Quick legal story. The Supreme Court declined to hear the AI copyright case. No human author, no copyright. That's now settled law, Marcus.
Thaler v. Vidal is done. Stephen Thaler spent eight years trying to copyright art made entirely by his AI system. Every court said no. The Supreme Court won't even hear the appeal. The practical effect is significant. Fully AI-generated works enter the public domain immediately. No company can claim exclusive rights to content made without meaningful human creative input.
So if you're building a business on purely AI-generated content?
You have no intellectual property protection for that content. Anyone can copy it, use it, sell it. The legal framework is now clearly incentivizing hybrid human-AI creation rather than fully autonomous generation. For businesses, the message is: keep humans meaningfully in the creative loop, or lose your IP rights entirely.
Now for some jaw-dropping business numbers. Cursor just crossed two billion in annualized revenue. Claude Code hit two point five billion. Marcus, those growth rates.
Cursor doubled in three months. Claude Code more than doubled since January. These are among the fastest revenue growth trajectories in enterprise software history. Cursor's enterprise clients now represent about sixty percent of revenue. And Claude Code just launched a voice mode where developers can speak commands instead of typing them.
So AI coding tools aren't just popular, they're a real business.

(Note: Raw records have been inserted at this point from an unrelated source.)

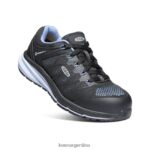 hortensia/negro calzado KEEN Vista Energy ESD (puntera de fibra de carbono) T0822B576 mujer - Imagen 3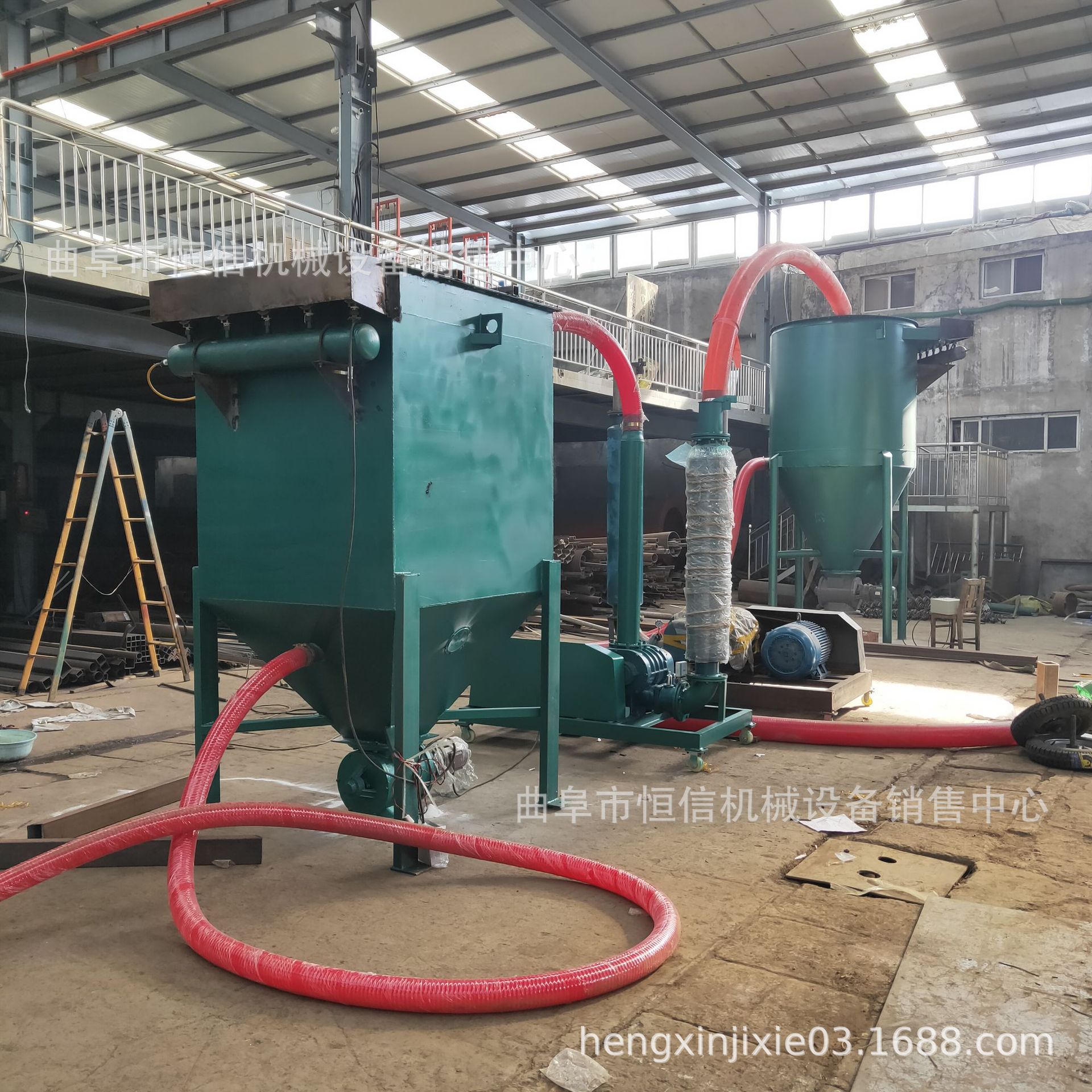 辽宁石膏粉清仓气力吸灰机zcjb 石英砂粉料气力上料机 自产自销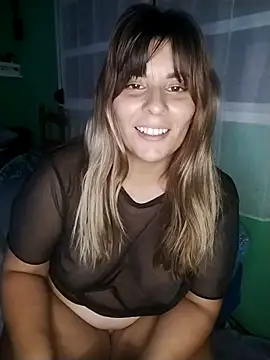 SoyBelu-319 webcam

They're becoming core infrastructure. When three products, Cursor, Claude Code, and GitHub Copilot, are all generating billions in annual revenue, that's not a trend. That's a validated market category. And it's interesting given the METR study we discussed Monday showing developers were nineteen percent slower with AI tools. Companies are paying billions for tools that might be making some developers slower, because the ones who use them well are dramatically more productive. The average masks the distribution.

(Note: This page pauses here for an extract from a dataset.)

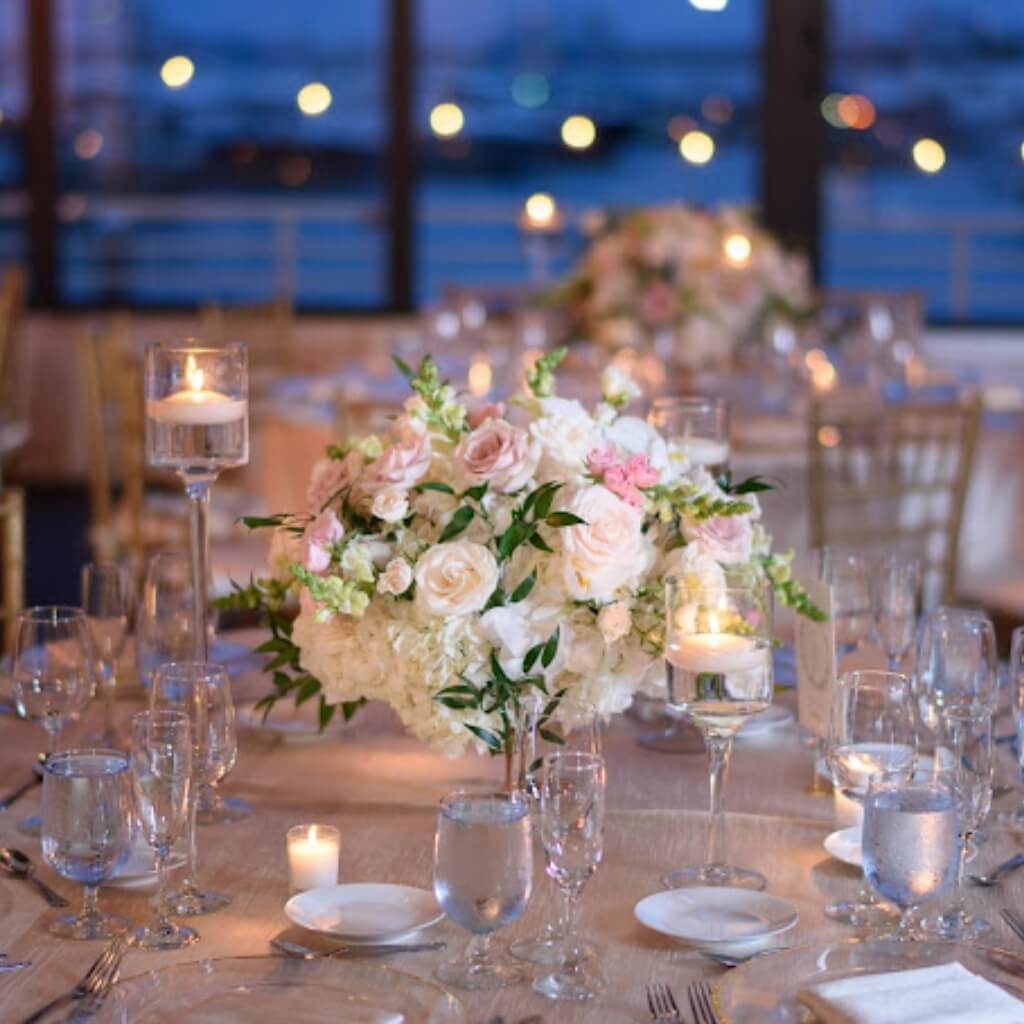 Organizador de bodas SA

Last quick hit. Alibaba's Qwen team lost its tech lead and two senior researchers in what appears to be involuntary departures. Shares dropped four and a half percent.
Junyang Lin posted "me stepping down. bye my beloved qwen" on X, and a colleague strongly hinted the departure wasn't voluntary. This matters because Qwen has been one of the most competitive open-source model families globally. Losing multiple senior technical leaders simultaneously, the day after releasing new models, raises real questions about what's happening internally. And frankly, it fits a pattern. The narrative around Chinese AI labs often looks stronger from the outside than the organizational reality supports.
Wednesday big picture, Marcus. Donald Knuth says an AI solved a problem he couldn't. Apple says AI reasoning might be an illusion. The Supreme Court says AI can't own what it creates. And the tools developers use to code with AI are generating billions in revenue. What's the thread?
The thread is that we're finally getting honest data about what AI actually is. Not what the marketing says, not what the hype suggests, but what it demonstrably does and doesn't do. Knuth's paper is honest. Claude found something remarkable and couldn't prove it was right. Apple's paper is honest. Reasoning models have hard structural limits. The Supreme Court ruling is honest. Creation without human authorship doesn't get legal protection. Even OpenAI's "less cringe" framing is a kind of honesty, admitting the previous version was annoying. After years of AI being sold on promises, we're entering the era of AI being evaluated on evidence. And the evidence is more interesting, more nuanced, and frankly more useful than the hype ever was.
The truth is more interesting than the pitch. That might be the best thing anyone's said about AI this year.
Give it a week. The pitch will try to catch up.
That's your AI in 15 for Wednesday, March 4, 2026. See you tomorrow.